== Entries provided ==

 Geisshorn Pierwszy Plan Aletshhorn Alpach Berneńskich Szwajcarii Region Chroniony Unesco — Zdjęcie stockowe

===
== Entries provided ==

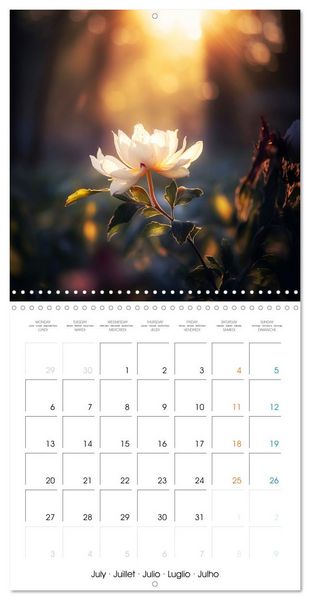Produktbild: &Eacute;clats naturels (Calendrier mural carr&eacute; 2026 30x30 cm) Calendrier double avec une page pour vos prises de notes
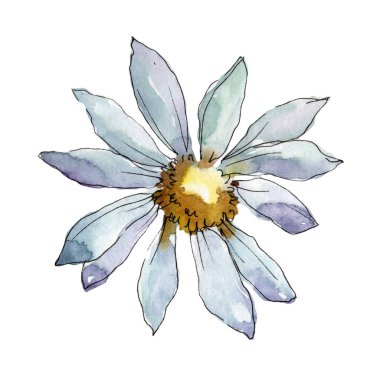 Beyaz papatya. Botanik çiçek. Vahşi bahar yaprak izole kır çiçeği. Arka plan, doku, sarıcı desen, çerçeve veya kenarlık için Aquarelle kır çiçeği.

===

Exercise aim: Pictures excluded, give again exactly and only the lines of the material above from the line with "Produktbild: &Eacute;clats naturels" through the line with "Beyaz papatya. Botanik".

Solution to this problem:
Produktbild: &Eacute;clats naturels (Calendrier mural carr&eacute; 2026 30x30 cm) Calendrier double avec une page pour vos prises de notes
 Beyaz papatya. Botanik çiçek. Vahşi bahar yaprak izole kır çiçeği. Arka plan, doku, sarıcı desen, çerçeve veya kenarlık için Aquarelle kır çiçeği.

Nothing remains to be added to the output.